Jacuzzi tubs seemed awkward to me in their location. I am not a fan of them in general but here they should give way to make more room in master bedroom. I don't understand why this wasn't a special assessment. I feel bad for the people who own mud weeks. 

I am in Squaw now at OVI and it is absolutely beautiful. I am sure it is similar at Incline.

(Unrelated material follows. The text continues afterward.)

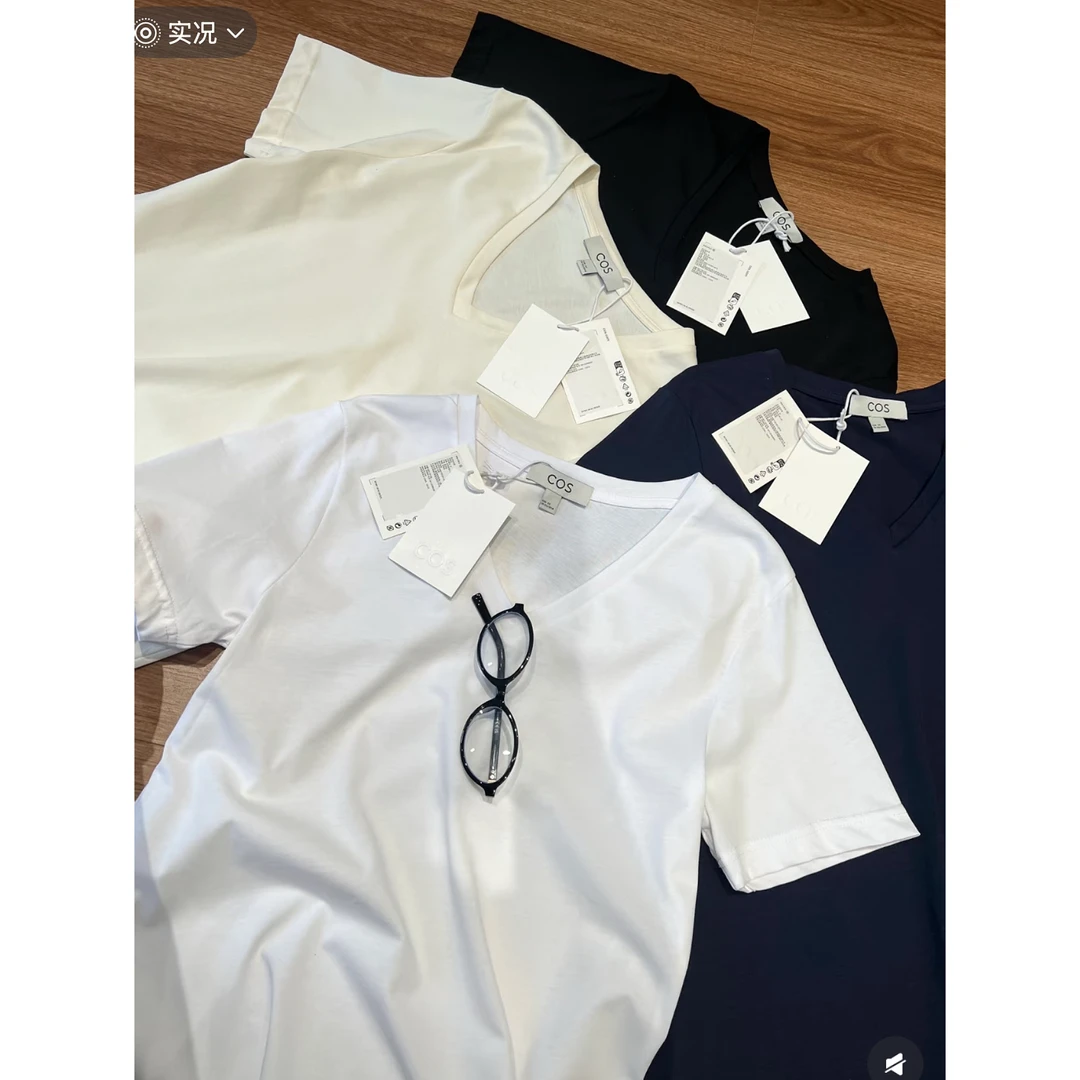 孟婆家【松弛慵懒感】Co*品质v领正肩短袖上衣～110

Forgot how nice Tahoe is in summer.  Kayaking at Kings Beach with my kids tomorrow.


----------



## ivywag (Jul 16, 2013)

Carmel dues are around $1400, but all units carry 1880 points or more.  They are still not sold out and some of the resales are pretty low.  I would think that the maintenance fees have an impact.
That said, I agree that the jacuzzis at High Sierra are a waste of space.  We store suitcases and fishing gear in them!!!


----------



## lizap (Jul 16, 2013)

Looks like the jacuzzis are going away.  MFs are still a little lower than Carmel - still curious why this wasn't a one-time assessment. 




ivywag said:


> Carmel dues are around $1400, but all units carry 1880 points or more.  They are still not sold out and some of the resales are pretty low.  I would think that the maintenance fees have an impact.
> That said, I agree that the jacuzzis at High Sierra are a waste of space.  We store suitcases and fishing gear in them!!!


----------



## lizap (Jul 22, 2013)

Are there other Tuggers who own here?  Would be interested to know if you have any more details.




lizap said:


> Looks like the jacuzzis are going away.  MFs are still a little lower than Carmel - still curious why this wasn't a one-time assessment.


----------



## MaryH (Jul 22, 2013)

Is Steve Dallas still on the board of the HOA?


----------



## lizap (Jul 24, 2013)

Looks like several who use to post no longer do so..




MaryH said:


> Is Steve Dallas still on the board of the HOA?


----------